» YOUR OBJECTIVE
Restate all of the entries exactly, each line as it stands.
*** Opening of SOURCE DATA ***
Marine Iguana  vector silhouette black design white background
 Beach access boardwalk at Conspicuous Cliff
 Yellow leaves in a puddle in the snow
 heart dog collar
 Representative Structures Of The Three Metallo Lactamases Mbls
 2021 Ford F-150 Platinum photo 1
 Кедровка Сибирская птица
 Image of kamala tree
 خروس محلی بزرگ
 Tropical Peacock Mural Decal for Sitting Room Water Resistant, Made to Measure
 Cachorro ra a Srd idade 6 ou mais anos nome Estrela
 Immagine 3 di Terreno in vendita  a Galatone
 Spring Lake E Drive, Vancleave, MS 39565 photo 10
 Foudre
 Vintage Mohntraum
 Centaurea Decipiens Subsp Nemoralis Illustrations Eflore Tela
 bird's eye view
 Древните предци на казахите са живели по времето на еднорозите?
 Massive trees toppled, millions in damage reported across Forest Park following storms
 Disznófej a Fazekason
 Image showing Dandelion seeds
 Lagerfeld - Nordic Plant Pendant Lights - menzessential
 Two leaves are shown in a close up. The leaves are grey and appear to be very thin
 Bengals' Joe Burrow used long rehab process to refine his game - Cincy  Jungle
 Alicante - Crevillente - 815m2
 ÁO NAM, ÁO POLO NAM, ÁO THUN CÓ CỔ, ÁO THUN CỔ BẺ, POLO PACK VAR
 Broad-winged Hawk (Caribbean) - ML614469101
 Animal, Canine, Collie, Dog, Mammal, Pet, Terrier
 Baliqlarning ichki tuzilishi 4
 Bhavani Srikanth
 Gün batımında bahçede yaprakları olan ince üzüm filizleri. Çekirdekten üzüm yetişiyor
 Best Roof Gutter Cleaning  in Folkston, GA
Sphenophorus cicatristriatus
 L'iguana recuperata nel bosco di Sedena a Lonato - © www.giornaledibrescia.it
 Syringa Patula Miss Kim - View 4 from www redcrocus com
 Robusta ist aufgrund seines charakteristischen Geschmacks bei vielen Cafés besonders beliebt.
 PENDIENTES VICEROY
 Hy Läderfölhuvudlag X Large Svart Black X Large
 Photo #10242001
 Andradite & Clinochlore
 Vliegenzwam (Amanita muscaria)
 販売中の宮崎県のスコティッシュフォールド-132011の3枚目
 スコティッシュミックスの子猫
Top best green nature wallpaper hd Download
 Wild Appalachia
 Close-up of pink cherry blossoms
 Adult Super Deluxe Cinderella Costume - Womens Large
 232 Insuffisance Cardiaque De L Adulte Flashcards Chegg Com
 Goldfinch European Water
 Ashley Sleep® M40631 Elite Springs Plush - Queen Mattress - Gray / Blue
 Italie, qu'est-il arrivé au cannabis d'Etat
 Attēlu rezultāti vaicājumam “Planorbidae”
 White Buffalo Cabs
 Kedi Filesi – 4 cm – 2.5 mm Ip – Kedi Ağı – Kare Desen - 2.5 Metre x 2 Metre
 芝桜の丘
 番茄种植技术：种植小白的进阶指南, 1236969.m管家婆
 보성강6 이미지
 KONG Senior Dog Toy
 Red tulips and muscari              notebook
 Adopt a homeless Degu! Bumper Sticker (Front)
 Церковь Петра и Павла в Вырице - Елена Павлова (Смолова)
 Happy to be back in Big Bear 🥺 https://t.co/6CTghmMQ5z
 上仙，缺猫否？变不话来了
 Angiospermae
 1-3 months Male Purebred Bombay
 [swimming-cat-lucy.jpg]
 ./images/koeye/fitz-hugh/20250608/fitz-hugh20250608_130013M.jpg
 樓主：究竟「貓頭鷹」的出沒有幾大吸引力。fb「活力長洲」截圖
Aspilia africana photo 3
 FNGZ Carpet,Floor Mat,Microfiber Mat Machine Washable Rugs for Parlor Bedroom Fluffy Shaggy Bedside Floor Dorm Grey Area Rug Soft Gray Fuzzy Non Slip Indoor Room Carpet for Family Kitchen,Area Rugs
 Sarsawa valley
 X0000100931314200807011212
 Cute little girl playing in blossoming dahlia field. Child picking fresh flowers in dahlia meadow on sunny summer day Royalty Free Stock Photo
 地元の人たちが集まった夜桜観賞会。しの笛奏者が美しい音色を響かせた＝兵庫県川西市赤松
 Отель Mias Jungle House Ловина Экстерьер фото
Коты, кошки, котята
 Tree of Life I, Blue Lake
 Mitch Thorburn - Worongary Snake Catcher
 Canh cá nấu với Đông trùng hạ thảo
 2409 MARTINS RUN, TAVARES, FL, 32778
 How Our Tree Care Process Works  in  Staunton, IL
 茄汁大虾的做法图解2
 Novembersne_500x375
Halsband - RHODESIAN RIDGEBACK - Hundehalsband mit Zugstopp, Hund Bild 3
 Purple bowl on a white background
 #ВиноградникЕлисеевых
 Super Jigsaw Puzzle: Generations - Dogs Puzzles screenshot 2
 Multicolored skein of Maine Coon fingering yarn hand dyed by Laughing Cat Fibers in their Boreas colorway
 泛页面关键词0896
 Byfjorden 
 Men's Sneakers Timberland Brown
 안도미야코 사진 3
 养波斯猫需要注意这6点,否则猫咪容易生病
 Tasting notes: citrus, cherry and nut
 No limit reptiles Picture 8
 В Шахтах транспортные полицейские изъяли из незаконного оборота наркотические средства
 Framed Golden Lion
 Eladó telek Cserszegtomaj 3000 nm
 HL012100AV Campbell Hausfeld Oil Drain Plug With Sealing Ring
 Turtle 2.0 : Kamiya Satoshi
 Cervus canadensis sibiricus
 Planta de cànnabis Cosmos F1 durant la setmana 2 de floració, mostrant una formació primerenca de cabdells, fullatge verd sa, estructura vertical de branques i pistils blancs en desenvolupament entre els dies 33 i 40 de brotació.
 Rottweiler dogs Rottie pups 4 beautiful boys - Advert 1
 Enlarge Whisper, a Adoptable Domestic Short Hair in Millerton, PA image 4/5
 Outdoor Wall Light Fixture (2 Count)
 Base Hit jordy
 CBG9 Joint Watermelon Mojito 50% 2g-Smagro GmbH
*** Close of SOURCE DATA ***
» RESULT FOR THIS TASK
Marine Iguana  vector silhouette black design white background
 Beach access boardwalk at Conspicuous Cliff
 Yellow leaves in a puddle in the snow
 heart dog collar
 Representative Structures Of The Three Metallo Lactamases Mbls
 2021 Ford F-150 Platinum photo 1
 Кедровка Сибирская птица
 Image of kamala tree
 خروس محلی بزرگ
 Tropical Peacock Mural Decal for Sitting Room Water Resistant, Made to Measure
 Cachorro ra a Srd idade 6 ou mais anos nome Estrela
 Immagine 3 di Terreno in vendita  a Galatone
 Spring Lake E Drive, Vancleave, MS 39565 photo 10
 Foudre
 Vintage Mohntraum
 Centaurea Decipiens Subsp Nemoralis Illustrations Eflore Tela
 bird's eye view
 Древните предци на казахите са живели по времето на еднорозите?
 Massive trees toppled, millions in damage reported across Forest Park following storms
 Disznófej a Fazekason
 Image showing Dandelion seeds
 Lagerfeld - Nordic Plant Pendant Lights - menzessential
 Two leaves are shown in a close up. The leaves are grey and appear to be very thin
 Bengals' Joe Burrow used long rehab process to refine his game - Cincy  Jungle
 Alicante - Crevillente - 815m2
 ÁO NAM, ÁO POLO NAM, ÁO THUN CÓ CỔ, ÁO THUN CỔ BẺ, POLO PACK VAR
 Broad-winged Hawk (Caribbean) - ML614469101
 Animal, Canine, Collie, Dog, Mammal, Pet, Terrier
 Baliqlarning ichki tuzilishi 4
 Bhavani Srikanth
 Gün batımında bahçede yaprakları olan ince üzüm filizleri. Çekirdekten üzüm yetişiyor
 Best Roof Gutter Cleaning  in Folkston, GA
Sphenophorus cicatristriatus
 L'iguana recuperata nel bosco di Sedena a Lonato - © www.giornaledibrescia.it
 Syringa Patula Miss Kim - View 4 from www redcrocus com
 Robusta ist aufgrund seines charakteristischen Geschmacks bei vielen Cafés besonders beliebt.
 PENDIENTES VICEROY
 Hy Läderfölhuvudlag X Large Svart Black X Large
 Photo #10242001
 Andradite & Clinochlore
 Vliegenzwam (Amanita muscaria)
 販売中の宮崎県のスコティッシュフォールド-132011の3枚目
 スコティッシュミックスの子猫
Top best green nature wallpaper hd Download
 Wild Appalachia
 Close-up of pink cherry blossoms
 Adult Super Deluxe Cinderella Costume - Womens Large
 232 Insuffisance Cardiaque De L Adulte Flashcards Chegg Com
 Goldfinch European Water
 Ashley Sleep® M40631 Elite Springs Plush - Queen Mattress - Gray / Blue
 Italie, qu'est-il arrivé au cannabis d'Etat
 Attēlu rezultāti vaicājumam “Planorbidae”
 White Buffalo Cabs
 Kedi Filesi – 4 cm – 2.5 mm Ip – Kedi Ağı – Kare Desen - 2.5 Metre x 2 Metre
 芝桜の丘
 番茄种植技术：种植小白的进阶指南, 1236969.m管家婆
 보성강6 이미지
 KONG Senior Dog Toy
 Red tulips and muscari              notebook
 Adopt a homeless Degu! Bumper Sticker (Front)
 Церковь Петра и Павла в Вырице - Елена Павлова (Смолова)
 Happy to be back in Big Bear 🥺 https://t.co/6CTghmMQ5z
 上仙，缺猫否？变不话来了
 Angiospermae
 1-3 months Male Purebred Bombay
 [swimming-cat-lucy.jpg]
 ./images/koeye/fitz-hugh/20250608/fitz-hugh20250608_130013M.jpg
 樓主：究竟「貓頭鷹」的出沒有幾大吸引力。fb「活力長洲」截圖
Aspilia africana photo 3
 FNGZ Carpet,Floor Mat,Microfiber Mat Machine Washable Rugs for Parlor Bedroom Fluffy Shaggy Bedside Floor Dorm Grey Area Rug Soft Gray Fuzzy Non Slip Indoor Room Carpet for Family Kitchen,Area Rugs
 Sarsawa valley
 X0000100931314200807011212
 Cute little girl playing in blossoming dahlia field. Child picking fresh flowers in dahlia meadow on sunny summer day Royalty Free Stock Photo
 地元の人たちが集まった夜桜観賞会。しの笛奏者が美しい音色を響かせた＝兵庫県川西市赤松
 Отель Mias Jungle House Ловина Экстерьер фото
Коты, кошки, котята
 Tree of Life I, Blue Lake
 Mitch Thorburn - Worongary Snake Catcher
 Canh cá nấu với Đông trùng hạ thảo
 2409 MARTINS RUN, TAVARES, FL, 32778
 How Our Tree Care Process Works  in  Staunton, IL
 茄汁大虾的做法图解2
 Novembersne_500x375
Halsband - RHODESIAN RIDGEBACK - Hundehalsband mit Zugstopp, Hund Bild 3
 Purple bowl on a white background
 #ВиноградникЕлисеевых
 Super Jigsaw Puzzle: Generations - Dogs Puzzles screenshot 2
 Multicolored skein of Maine Coon fingering yarn hand dyed by Laughing Cat Fibers in their Boreas colorway
 泛页面关键词0896
 Byfjorden 
 Men's Sneakers Timberland Brown
 안도미야코 사진 3
 养波斯猫需要注意这6点,否则猫咪容易生病
 Tasting notes: citrus, cherry and nut
 No limit reptiles Picture 8
 В Шахтах транспортные полицейские изъяли из незаконного оборота наркотические средства
 Framed Golden Lion
 Eladó telek Cserszegtomaj 3000 nm
 HL012100AV Campbell Hausfeld Oil Drain Plug With Sealing Ring
 Turtle 2.0 : Kamiya Satoshi
 Cervus canadensis sibiricus
 Planta de cànnabis Cosmos F1 durant la setmana 2 de floració, mostrant una formació primerenca de cabdells, fullatge verd sa, estructura vertical de branques i pistils blancs en desenvolupament entre els dies 33 i 40 de brotació.
 Rottweiler dogs Rottie pups 4 beautiful boys - Advert 1
 Enlarge Whisper, a Adoptable Domestic Short Hair in Millerton, PA image 4/5
 Outdoor Wall Light Fixture (2 Count)
 Base Hit jordy
 CBG9 Joint Watermelon Mojito 50% 2g-Smagro GmbH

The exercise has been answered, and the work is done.